-- Problem details --
Everything in the records below from the line containing "Ofrecen hasta $50" through the line containing "Телескоп Levenhuk Skyline" is to be reproduced exactly, those two lines included; no picture is to be copied.

-- The input --
****************

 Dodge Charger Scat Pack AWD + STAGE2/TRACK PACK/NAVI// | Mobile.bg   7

****************

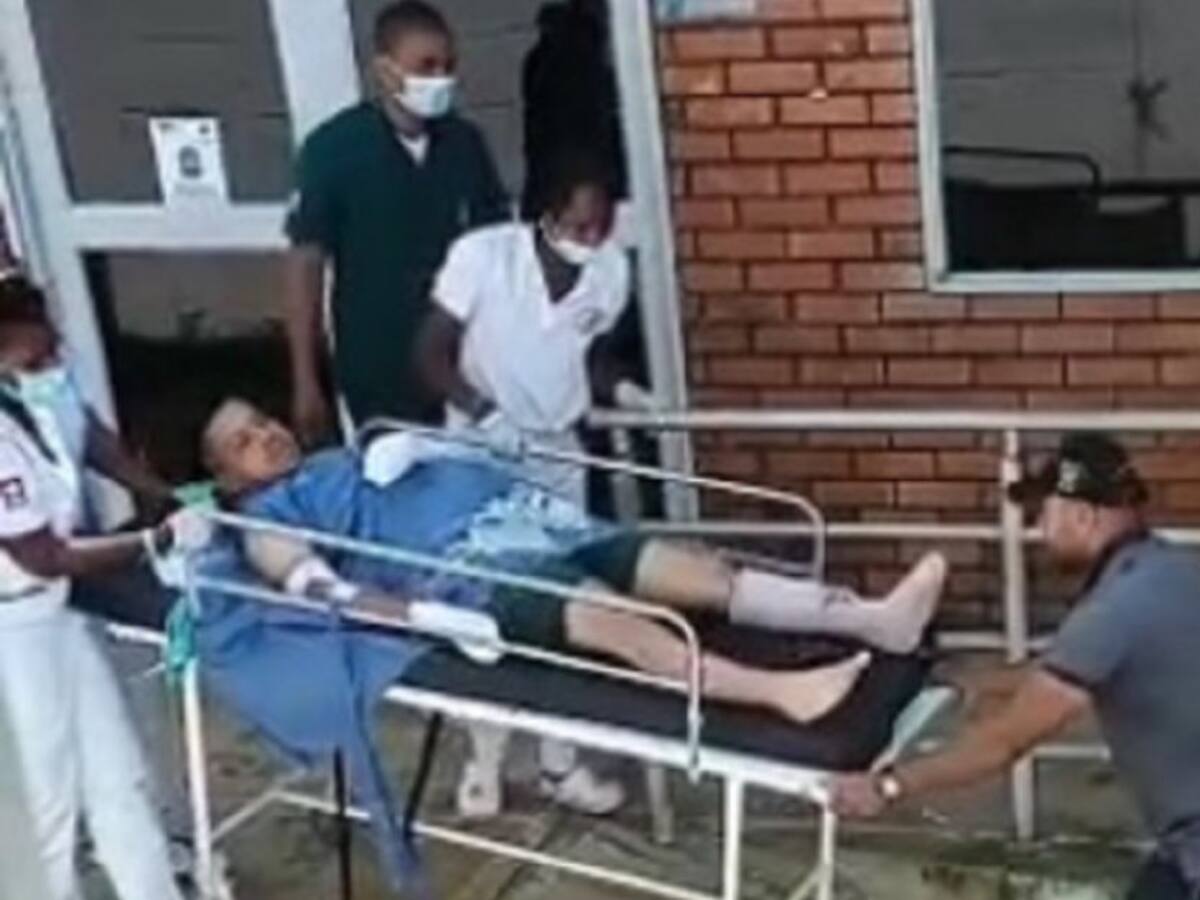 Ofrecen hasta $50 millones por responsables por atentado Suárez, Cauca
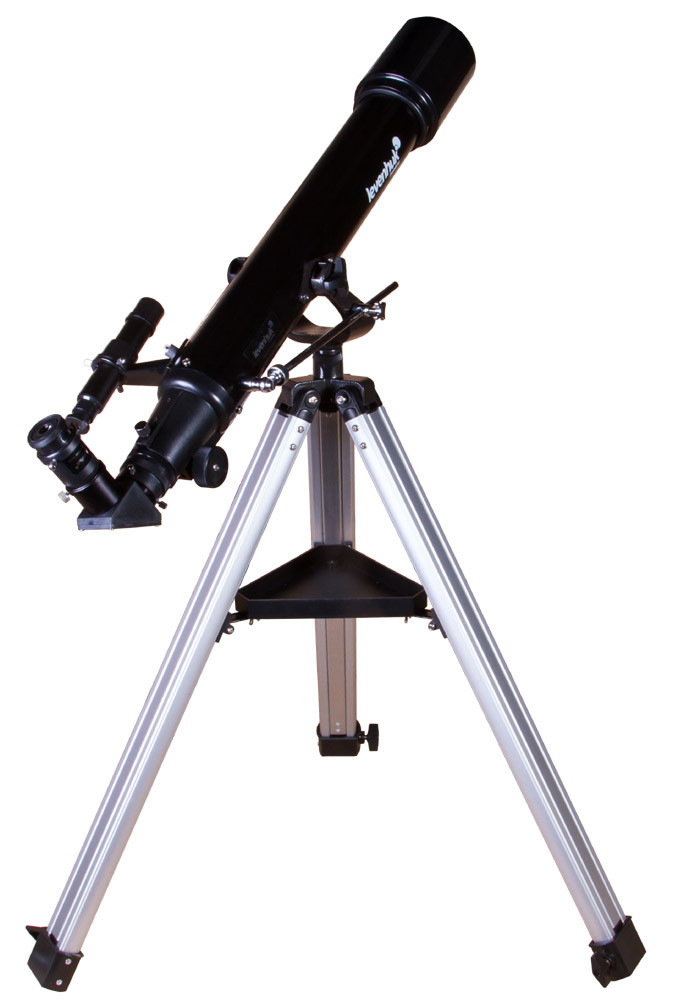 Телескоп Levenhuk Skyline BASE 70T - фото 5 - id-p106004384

****************

-- Response to this exercise --
 Ofrecen hasta $50 millones por responsables por atentado Suárez, Cauca
 Телескоп Levenhuk Skyline BASE 70T - фото 5 - id-p106004384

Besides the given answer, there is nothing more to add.